Urteil vom 13. Juni 2007

I. sozialrechtliche Abteilung

Bundesrichter Ursprung, Präsident,
Bundesrichter Schön, Bundesrichterin Leuzinger,
Gerichtsschreiberin Heine.

Aktiengesellschaft H.________, Beschwerdeführerin,

gegen

Zürich Versicherungs-Gesellschaft, Rechtsdienst, Generaldirektion
Schweiz, 8085 Zürich Versicherung, Beschwerdegegnerin.

Unfallversicherung,

Verwaltungsgerichtsbeschwerde gegen den Beschluss des
Sozialversicherungsgerichts des Kantons Zürich vom 19. September 2006.

Sachverhalt:

A.
Mit Verfügung vom 15. September 2005 erteilte das Bezirksgericht X.________
der Zürich Versicherung ("Zürich") für die Betreibungen gegenüber der
Aktiengesellschaft H.________ provisorische Rechtsöffnung.
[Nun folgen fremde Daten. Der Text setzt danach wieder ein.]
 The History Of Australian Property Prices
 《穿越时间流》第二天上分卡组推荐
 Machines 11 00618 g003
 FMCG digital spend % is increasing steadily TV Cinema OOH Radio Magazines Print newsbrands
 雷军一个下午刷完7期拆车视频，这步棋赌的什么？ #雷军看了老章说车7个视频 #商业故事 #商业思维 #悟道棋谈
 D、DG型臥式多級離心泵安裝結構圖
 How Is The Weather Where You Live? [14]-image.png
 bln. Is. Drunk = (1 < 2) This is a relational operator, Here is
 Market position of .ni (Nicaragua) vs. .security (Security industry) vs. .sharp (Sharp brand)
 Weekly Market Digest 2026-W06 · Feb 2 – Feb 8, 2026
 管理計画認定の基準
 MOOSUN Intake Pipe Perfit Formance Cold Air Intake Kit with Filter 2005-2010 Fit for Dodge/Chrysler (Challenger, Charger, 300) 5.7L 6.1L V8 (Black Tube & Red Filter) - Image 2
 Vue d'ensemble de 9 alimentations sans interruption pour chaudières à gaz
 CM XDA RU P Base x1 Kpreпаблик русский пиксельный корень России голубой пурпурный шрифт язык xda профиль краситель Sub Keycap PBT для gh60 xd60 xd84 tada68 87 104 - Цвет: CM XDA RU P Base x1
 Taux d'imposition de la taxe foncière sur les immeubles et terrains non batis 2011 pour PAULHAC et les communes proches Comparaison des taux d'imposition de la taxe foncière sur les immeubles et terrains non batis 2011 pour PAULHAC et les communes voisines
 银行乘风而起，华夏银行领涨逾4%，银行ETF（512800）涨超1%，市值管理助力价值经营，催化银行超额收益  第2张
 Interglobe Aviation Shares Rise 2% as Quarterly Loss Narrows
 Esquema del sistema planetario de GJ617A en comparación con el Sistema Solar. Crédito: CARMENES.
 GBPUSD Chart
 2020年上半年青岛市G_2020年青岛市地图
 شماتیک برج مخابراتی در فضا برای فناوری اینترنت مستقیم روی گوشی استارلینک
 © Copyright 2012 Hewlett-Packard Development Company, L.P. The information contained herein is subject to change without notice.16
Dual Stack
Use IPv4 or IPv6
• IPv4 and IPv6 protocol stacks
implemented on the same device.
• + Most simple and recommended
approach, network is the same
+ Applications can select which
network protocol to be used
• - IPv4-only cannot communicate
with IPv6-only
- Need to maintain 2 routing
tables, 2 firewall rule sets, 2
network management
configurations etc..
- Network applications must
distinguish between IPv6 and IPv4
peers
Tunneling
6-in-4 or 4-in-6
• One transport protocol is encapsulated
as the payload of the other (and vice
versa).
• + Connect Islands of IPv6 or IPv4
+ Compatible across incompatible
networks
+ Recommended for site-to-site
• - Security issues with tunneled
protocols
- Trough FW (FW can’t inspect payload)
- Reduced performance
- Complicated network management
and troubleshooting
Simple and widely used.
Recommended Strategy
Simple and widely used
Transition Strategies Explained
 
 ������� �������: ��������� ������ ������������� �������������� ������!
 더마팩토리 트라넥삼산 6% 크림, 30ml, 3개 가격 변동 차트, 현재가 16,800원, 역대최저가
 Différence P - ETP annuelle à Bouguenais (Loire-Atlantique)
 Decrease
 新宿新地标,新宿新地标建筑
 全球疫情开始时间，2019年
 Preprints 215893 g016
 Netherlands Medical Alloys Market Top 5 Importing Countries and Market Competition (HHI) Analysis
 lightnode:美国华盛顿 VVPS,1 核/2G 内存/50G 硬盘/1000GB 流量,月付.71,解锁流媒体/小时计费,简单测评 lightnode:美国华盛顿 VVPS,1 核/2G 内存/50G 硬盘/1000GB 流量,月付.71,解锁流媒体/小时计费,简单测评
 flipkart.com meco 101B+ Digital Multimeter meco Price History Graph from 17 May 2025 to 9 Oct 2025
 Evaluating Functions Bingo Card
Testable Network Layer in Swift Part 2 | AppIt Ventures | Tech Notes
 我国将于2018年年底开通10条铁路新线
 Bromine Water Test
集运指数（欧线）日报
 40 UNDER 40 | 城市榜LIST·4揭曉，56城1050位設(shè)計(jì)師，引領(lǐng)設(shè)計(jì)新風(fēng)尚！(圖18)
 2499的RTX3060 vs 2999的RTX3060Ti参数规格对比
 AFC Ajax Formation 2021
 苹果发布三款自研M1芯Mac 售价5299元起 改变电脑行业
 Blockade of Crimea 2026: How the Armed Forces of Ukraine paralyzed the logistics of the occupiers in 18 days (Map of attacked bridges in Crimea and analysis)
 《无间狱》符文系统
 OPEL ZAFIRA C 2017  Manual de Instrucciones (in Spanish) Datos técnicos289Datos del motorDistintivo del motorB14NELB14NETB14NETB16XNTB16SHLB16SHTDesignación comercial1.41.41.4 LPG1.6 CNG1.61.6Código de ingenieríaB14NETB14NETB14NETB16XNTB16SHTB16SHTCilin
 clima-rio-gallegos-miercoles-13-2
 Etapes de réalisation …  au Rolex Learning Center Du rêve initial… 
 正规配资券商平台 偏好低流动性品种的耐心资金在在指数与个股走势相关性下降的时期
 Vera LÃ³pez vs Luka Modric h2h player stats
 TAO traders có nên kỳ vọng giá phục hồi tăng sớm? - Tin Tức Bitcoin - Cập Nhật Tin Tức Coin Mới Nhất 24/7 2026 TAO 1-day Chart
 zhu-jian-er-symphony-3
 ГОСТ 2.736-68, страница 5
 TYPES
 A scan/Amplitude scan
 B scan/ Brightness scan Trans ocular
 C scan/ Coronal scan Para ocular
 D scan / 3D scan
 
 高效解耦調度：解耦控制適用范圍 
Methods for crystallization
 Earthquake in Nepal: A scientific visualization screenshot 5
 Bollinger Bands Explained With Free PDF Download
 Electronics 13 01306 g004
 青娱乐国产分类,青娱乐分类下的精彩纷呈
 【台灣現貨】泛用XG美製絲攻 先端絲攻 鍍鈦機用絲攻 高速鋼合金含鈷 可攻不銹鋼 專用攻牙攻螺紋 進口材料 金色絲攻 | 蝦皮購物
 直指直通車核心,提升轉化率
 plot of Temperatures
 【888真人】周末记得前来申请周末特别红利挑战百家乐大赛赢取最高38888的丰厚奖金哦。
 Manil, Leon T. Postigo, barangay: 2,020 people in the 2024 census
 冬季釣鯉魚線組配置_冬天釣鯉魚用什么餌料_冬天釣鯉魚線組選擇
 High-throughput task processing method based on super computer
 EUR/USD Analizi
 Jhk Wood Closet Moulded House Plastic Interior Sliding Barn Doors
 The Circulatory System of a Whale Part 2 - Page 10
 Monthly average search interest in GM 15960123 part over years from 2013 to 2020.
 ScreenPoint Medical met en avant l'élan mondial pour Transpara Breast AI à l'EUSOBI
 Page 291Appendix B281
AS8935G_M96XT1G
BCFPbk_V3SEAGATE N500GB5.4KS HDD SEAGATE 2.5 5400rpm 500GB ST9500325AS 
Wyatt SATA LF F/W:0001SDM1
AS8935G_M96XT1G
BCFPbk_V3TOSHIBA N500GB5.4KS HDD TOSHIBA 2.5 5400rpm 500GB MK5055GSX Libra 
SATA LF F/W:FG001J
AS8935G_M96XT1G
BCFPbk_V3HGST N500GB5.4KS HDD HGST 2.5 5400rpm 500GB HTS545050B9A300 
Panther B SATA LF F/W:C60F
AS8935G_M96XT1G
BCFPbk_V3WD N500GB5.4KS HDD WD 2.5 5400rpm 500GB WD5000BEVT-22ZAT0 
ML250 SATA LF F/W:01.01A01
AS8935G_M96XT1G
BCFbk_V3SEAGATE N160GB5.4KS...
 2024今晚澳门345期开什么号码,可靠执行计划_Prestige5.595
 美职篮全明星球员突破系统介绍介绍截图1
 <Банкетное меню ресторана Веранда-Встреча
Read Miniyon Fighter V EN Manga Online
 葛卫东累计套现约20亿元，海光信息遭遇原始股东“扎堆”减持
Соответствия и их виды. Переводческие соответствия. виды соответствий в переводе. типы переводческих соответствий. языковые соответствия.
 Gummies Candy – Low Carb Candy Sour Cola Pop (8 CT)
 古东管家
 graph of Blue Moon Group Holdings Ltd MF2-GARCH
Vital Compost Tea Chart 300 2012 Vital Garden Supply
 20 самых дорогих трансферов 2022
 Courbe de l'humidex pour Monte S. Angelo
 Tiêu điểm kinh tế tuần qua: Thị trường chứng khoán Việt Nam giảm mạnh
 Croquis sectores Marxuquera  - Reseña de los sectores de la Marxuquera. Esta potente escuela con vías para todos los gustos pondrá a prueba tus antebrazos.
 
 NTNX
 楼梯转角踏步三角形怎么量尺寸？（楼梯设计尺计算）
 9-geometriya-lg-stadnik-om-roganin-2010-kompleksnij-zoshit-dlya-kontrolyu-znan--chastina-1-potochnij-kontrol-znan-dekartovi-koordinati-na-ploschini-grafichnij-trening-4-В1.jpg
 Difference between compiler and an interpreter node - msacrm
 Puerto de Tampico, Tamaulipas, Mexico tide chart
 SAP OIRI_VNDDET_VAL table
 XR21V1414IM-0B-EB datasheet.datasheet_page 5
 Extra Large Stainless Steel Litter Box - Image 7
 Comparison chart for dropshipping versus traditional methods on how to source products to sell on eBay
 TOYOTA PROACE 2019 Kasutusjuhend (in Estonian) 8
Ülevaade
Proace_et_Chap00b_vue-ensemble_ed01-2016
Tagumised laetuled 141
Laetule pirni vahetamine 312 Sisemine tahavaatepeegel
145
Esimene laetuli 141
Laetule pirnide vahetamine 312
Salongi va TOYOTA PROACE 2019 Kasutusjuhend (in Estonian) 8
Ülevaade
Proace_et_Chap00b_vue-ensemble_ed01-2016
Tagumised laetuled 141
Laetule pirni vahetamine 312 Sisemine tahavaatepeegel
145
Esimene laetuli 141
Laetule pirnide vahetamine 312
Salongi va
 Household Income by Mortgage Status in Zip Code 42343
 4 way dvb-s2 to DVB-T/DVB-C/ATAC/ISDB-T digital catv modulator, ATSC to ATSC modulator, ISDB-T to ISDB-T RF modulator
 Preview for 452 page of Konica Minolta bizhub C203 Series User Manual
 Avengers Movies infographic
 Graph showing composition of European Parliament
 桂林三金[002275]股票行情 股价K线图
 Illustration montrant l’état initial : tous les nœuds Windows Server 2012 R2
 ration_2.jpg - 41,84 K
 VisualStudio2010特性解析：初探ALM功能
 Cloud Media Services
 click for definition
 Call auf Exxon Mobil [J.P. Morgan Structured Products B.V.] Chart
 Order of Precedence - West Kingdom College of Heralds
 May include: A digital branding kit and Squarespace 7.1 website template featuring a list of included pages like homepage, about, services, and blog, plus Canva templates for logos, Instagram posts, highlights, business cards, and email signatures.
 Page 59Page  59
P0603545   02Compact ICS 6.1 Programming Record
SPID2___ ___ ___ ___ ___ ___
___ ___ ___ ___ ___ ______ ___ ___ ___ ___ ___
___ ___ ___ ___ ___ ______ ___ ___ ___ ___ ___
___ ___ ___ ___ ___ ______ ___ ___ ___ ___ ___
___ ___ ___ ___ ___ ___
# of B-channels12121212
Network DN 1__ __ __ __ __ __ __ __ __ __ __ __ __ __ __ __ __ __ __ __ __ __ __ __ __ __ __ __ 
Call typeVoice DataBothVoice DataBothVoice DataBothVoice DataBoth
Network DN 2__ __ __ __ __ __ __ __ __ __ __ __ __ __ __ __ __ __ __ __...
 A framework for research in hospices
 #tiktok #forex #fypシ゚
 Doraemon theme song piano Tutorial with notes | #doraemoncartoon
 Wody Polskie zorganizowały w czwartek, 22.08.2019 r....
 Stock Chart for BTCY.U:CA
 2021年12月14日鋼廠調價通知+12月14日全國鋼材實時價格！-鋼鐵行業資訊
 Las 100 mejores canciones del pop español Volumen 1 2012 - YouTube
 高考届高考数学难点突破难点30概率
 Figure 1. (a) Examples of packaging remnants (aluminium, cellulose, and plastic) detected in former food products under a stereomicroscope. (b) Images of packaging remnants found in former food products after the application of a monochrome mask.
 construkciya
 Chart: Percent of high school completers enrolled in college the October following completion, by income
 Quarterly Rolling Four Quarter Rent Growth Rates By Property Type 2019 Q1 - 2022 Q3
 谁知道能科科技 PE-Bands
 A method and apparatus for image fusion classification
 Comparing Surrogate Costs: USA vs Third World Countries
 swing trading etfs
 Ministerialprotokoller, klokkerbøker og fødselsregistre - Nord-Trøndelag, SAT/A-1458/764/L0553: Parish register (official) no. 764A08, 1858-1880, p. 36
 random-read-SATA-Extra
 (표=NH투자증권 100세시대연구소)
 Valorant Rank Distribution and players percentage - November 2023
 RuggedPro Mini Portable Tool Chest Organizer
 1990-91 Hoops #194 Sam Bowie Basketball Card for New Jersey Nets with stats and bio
Auf die hiegegen
erhobene Aberkennungsklage trat das Bezirksgericht X.________ wegen
Unzuständigkeit nicht ein und überwies das Verfahren an das
Sozialversicherungsgericht des Kantons Zürich (Beschluss vom 16. März 2006).

B.
Mit Beschluss vom 19. September 2006 entschied das Sozialversicherungsgericht
des Kantons Zürich, auf die Aberkennungsklage nicht einzutreten.

C.
Die Aktiengesellschaft H.________ führt Verwaltungsgerichtsbeschwerde mit dem
Rechtsbegehren, der kantonale Beschluss sei aufzuheben und die Sache an die
Vorinstanz zurückzuweisen, damit diese sich nochmals mit der Sache befasse
und, falls sie definitiv nicht zuständig sei, die Sache an das dafür
zuständige Gericht weiterzuleiten.

Die "Zürich" und das Bundesamt für Gesundheit verzichten auf eine
Vernehmlassung.

Das Bundesgericht zieht in Erwägung:

1.
Am 1. Januar 2007 ist das Bundesgesetz über das Bundesgericht vom 17. Juni
2005 (BGG; SR 173.110) in Kraft getreten (AS 2006 1205, 1243). Damit wurden
das Eidg. Versicherungsgericht und das Bundesgericht in Lausanne zu einem
einheitlichen Bundesgericht (an zwei Standorten) zusammengefügt (Seiler/von
Werdt/Güngerich, Bundesgerichtsgesetz [BGG], Bern 2007, S. 10 Rz. 75) und es
wurde die Organisation und das Verfahren des obersten Gerichts umfassend neu
geregelt. Dieses Gesetz ist auf die nach seinem Inkrafttreten eingeleiteten
Verfahren des Bundesgerichts anwendbar, auf ein Beschwerdeverfahren jedoch
nur dann, wenn auch der angefochtene Entscheid nach dem Inkrafttreten dieses
Gesetzes ergangen ist (Art. 132 Abs. 1 BGG). Da der kantonale Beschluss am
19. September 2006 und somit vor dem 1. Januar 2007 erlassen wurde, richtet
sich das Verfahren nach dem bis 31. Dezember 2006 in Kraft gestandenen
Bundesgesetz über die Organisation der Bundesrechtspflege (OG) vom 16.
Dezember 1943 (vgl. BGE 132 V 393 E. 1.2 S. 395).

2.
Im angefochtenen Entscheid werden die Bestimmungen über die Zuständigkeit des
Sozialversicherungsgerichts (GSVGer) sowie über den Streitgegenstand im
Aberkennungsprozess (Art. 83 Abs. 2 SchKG) zutreffend dargelegt. Darauf wird
verwiesen.

3.
Streitig und zu prüfen ist, ob die Vorinstanz zu Recht nicht auf die
Aberkennungsklage eingetreten ist.

3.1 Das kantonale Gericht erblickt in der Zahlungsvereinbarung vom 31. August
bzw. 4. (recte 2.) Oktober 2004 eine Novation. Die Vereinbarung und die
darauf gründende Betreibungsforderung seien privatrechtlicher Natur.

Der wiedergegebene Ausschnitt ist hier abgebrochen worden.